Quels sont vos principaux défis et comment la population perçoit-elle les énergies solaires ?

Le premier défi est d’ordre culturel. Pour de nombreuses communautés rurales, l’énergie solaire est encore vue comme une solution temporaire, en attendant l’arrivée du réseau national. Nous devons les convaincre que le solaire peut être une alternative durable et fiable, mais cela reste difficile car nos mini-centrales ne peuvent pas toujours répondre à une demande électrique 24h/24. Heureusement, l’État travaille à augmenter leur capacité pour mieux répondre aux besoins.

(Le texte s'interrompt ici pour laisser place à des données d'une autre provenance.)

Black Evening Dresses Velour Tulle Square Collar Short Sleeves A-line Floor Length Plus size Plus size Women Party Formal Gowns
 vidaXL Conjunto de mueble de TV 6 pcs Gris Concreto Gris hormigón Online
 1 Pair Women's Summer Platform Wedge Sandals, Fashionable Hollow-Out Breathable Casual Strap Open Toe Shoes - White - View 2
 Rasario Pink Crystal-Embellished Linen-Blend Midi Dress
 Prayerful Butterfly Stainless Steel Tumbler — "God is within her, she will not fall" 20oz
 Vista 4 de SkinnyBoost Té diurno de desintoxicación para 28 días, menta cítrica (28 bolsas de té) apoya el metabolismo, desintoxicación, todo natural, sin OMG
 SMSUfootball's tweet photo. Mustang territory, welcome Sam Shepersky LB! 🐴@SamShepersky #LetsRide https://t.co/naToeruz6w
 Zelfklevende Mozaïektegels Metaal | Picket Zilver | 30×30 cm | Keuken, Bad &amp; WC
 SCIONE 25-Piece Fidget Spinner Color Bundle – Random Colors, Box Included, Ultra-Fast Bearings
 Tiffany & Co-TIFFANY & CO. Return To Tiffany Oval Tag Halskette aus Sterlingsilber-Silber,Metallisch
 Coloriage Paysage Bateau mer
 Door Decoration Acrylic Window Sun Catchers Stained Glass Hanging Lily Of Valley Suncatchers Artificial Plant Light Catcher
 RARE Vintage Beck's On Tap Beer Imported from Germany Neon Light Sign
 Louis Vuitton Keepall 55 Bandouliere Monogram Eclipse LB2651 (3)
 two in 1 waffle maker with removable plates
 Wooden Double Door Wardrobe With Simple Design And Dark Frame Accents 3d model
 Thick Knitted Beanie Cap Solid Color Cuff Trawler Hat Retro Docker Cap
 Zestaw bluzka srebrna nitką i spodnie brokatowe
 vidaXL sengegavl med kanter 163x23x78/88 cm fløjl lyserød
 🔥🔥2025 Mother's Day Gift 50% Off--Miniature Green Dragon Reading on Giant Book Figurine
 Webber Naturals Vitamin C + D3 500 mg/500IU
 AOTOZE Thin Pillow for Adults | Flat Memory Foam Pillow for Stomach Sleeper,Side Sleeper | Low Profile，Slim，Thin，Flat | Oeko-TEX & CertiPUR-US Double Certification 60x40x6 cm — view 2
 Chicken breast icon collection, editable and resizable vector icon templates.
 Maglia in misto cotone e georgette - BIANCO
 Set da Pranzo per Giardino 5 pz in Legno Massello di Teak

Un autre défi est le recrutement de personnel qualifié dans les villages. Beaucoup de jeunes formés en ville hésitent à retourner dans les villages car les conditions y sont très dures. Nous collaborons avec des instituts en milieu rural pour recruter des techniciens sur place et leur offrir des conditions attractives.

Les conditions climatiques constituent également une contrainte majeure, surtout pour accéder aux sites isolés en saison des pluies. Nous avons équipé nos agents de motos pour faciliter leurs déplacements et leur permettre de mieux accompagner les communautés.

Enfin, nous cherchons à stimuler l’utilisation productive de l’énergie. Nos agents identifient des entrepreneurs artisans qui pourraient bénéficier d’équipements électriques pour améliorer leurs activités. Par exemple, dans le village d’Alana, nous accompagnons un boulanger à financer un pétrin électrique, et nous faisons de même pour d’autres métiers comme la soudure ou la vulcanisation (traitement du caoutchouc). Ce type de projet favorise le développement économique tout en augmentant la consommation énergétique, essentielle pour la viabilité des mini-centrales.

Comment le Sénégal se positionne-t-il dans le domaine des énergies renouvelables et quelles sont les perspectives ?

Le Sénégal est un leader en Afrique de l’Ouest dans le domaine de l’énergie solaire. En juillet 2023, le Sénégal a signé un partenariat appelé « Just Energy Transition Partnerships » (JETP) avec la France, l’Allemagne, le Royaume-Uni, le Canada et l’Union européenne. Dans ce contexte, le Sénégal s’est engagé à atteindre un taux de 40% des énergies renouvelables dans sa politique de mix énergétique d’ici 2030.

De nombreux pays viennent s’inspirer de notre modèle. Grâce à la baisse des coûts des panneaux solaires et aux avancées technologiques du stockage, le solaire devient de plus en plus compétitif, notamment pour les zones rurales et isolées.

Pour les villes, nous travaillons sur des kits solaires résidentiels installés sur les toits pour répondre aux besoins énergétiques en journée. Nous investissons également dans le recyclage des batteries, une initiative encore rare en Afrique, mais essentielle pour limiter l’impact environnemental de ces technologies.